Rocky Reach Dam is a run-of-the-river hydroelectric dam in the U.S. state of Washington owned and operated by Chelan County Public Utility District. It has 11 generators rated in total 1300 MW. The project is on the Columbia River in north central Washington state about 7 mi upstream from the city of Wenatchee. The dam is 473 mi above the mouth of the Columbia. The reservoir impounded by the dam is Lake Entiat. The project provides energy for more than 7 million people throughout the Pacific Northwest.

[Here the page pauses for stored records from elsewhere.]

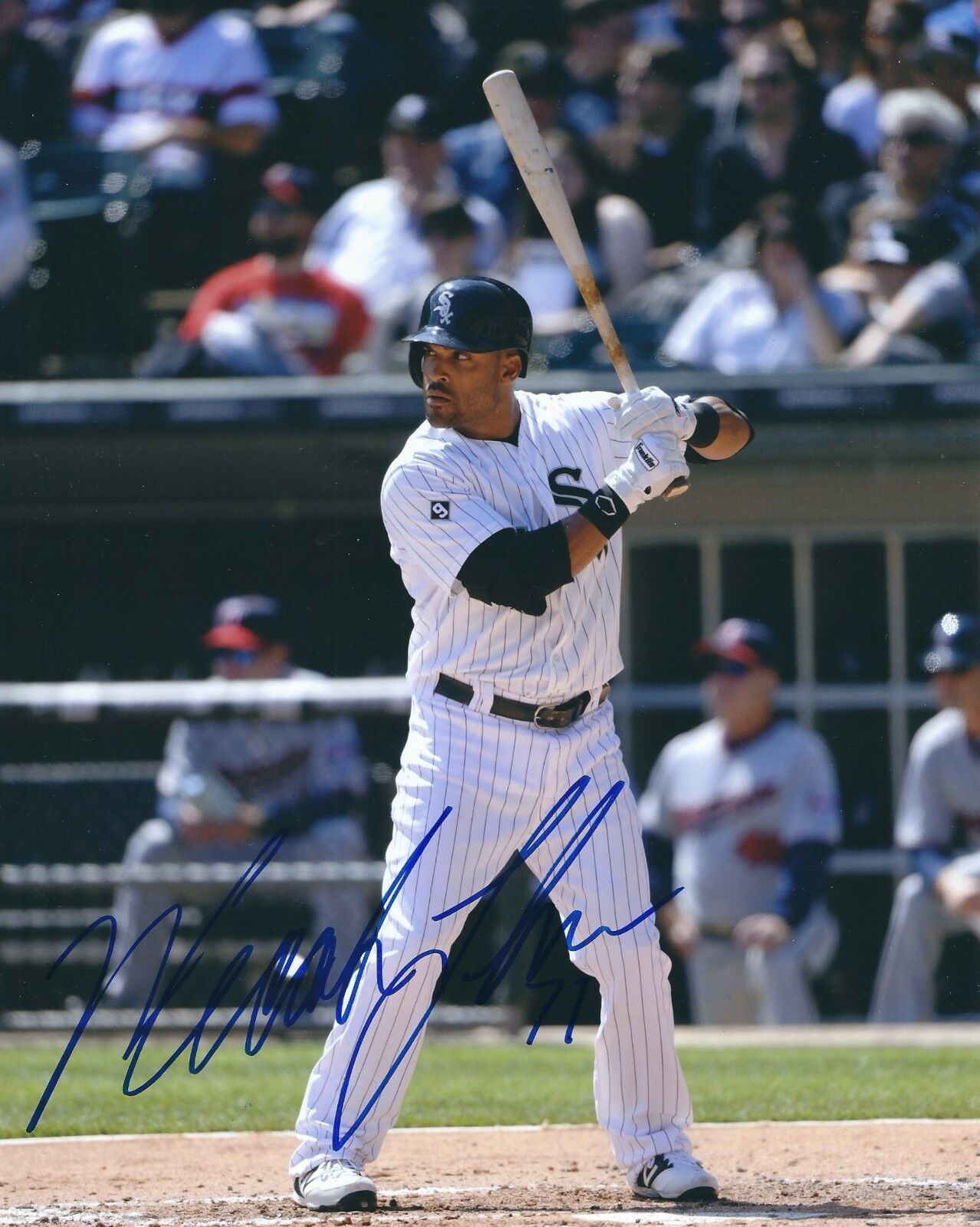 Signed 8x10 MICAH JOHNSON Chicago White Sox Autographed Photo Poster painting- COA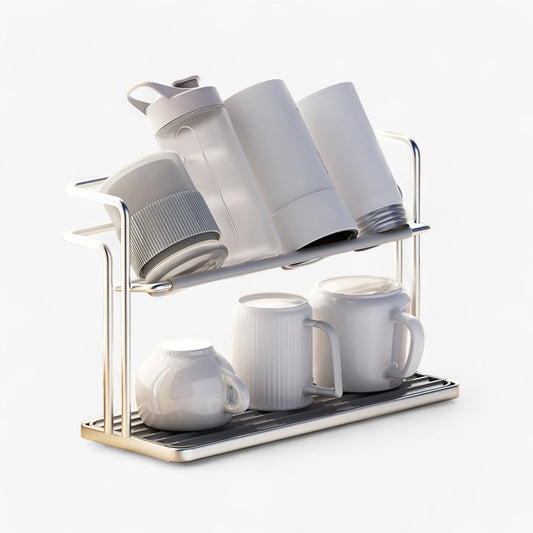 Double Your Mug Storage and Dry Faster with Cup Organizer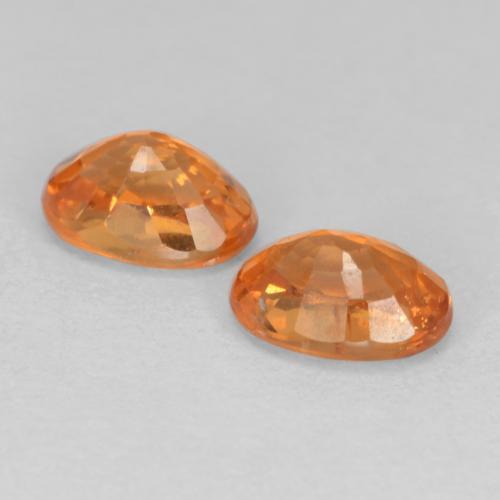 1.29 ct natürliche hellorange Spessartit-Garn-Edelsteine, Oval Schliff, VS-SI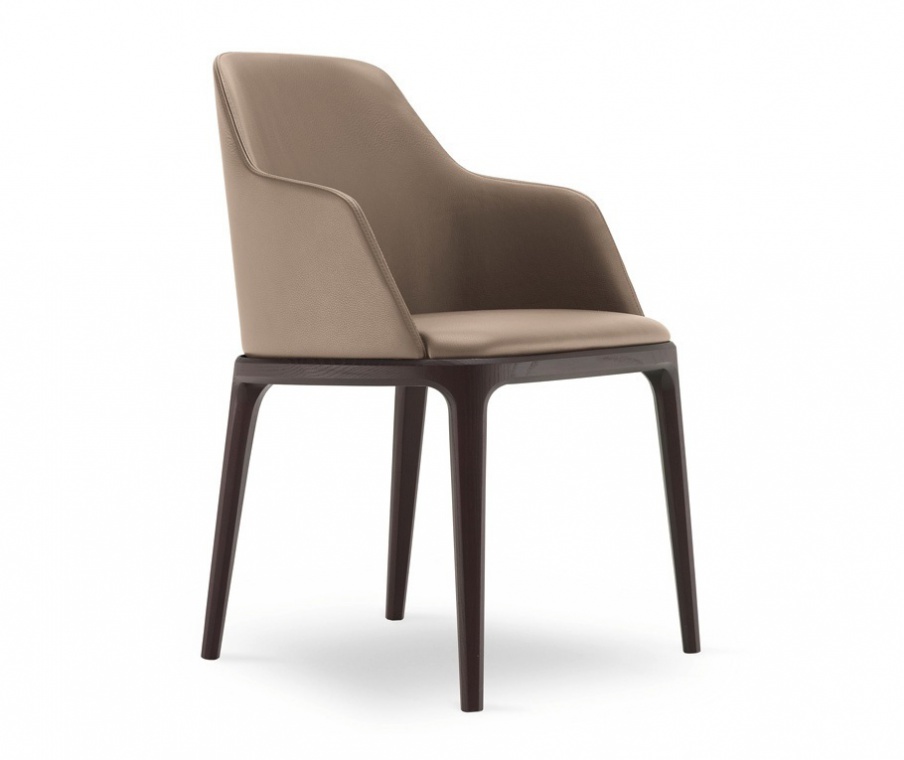 A chair made from walnut Grace, Poliform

Rocky Reach is nationally recognized for efforts to protect the environment. A first-of-its-kind juvenile fish bypass system was completed in 2003 to help young salmon and steelhead on their way to the ocean. A major powerhouse upgrade started in 1995 includes new turbines that are more fish friendly. Improvements to turbines and generators are also designed to improve efficiency and reliability.

==Tourism & recreation ==
The project is located on the Columbia River on Highway 97A, 7 mi north of Wenatchee. The visitor center shows films describing the Columbia River. The "Look a Salmon in the Eye" exhibit from (May–September) is a fish viewing room. The Powerhouse includes exhibits on the fourth floor. The Rocky Reach dam is near the Lincoln Rock State Park a short distance upriver.

==History==
In 1934 the United States Army Corps of Engineers first reported on the hydroelectric potential of this site. By the 1950s, studies were carried out by the Chelan County P.U.D. for detail design of the project. The present site is about 1 mi downstream of the site investigated by the Corps of Engineers, due to better conditions for foundations. A preliminary permit was issued in 1954. In 1956 construction of the powerhouse and the first seven generating units began. Four more generators were installed starting in 1969, increasing nameplate capacity to 1287 megawatts. The original project cost was US $273.1 million, financed by bonds sold by the PUD. Project costs included relocation of highways and railroad, land acquisition, and relocation of the town of Entiat. Repayment of bonds was through revenues from long-term sales contracts between Chelan County Public Utility District and local industrial and distribution customers. The facility has been re-licensed until 2052.

In 2009, Season 5, Episode 17 of Dirty Jobs with Mike Rowe was filmed at the project.

==Hydroelectric power capacity==
The powerhouse is equipped with seven Westinghouse generators and four Allis-Chalmers generators. The turbines are adjustable blade Kaplan type to allow for efficient production of energy at varying water levels. Water flows through each of the first seven turbines at a rate of 116 thousand gallons per second and 145 thousand gallons per second through each of the remaining four turbines.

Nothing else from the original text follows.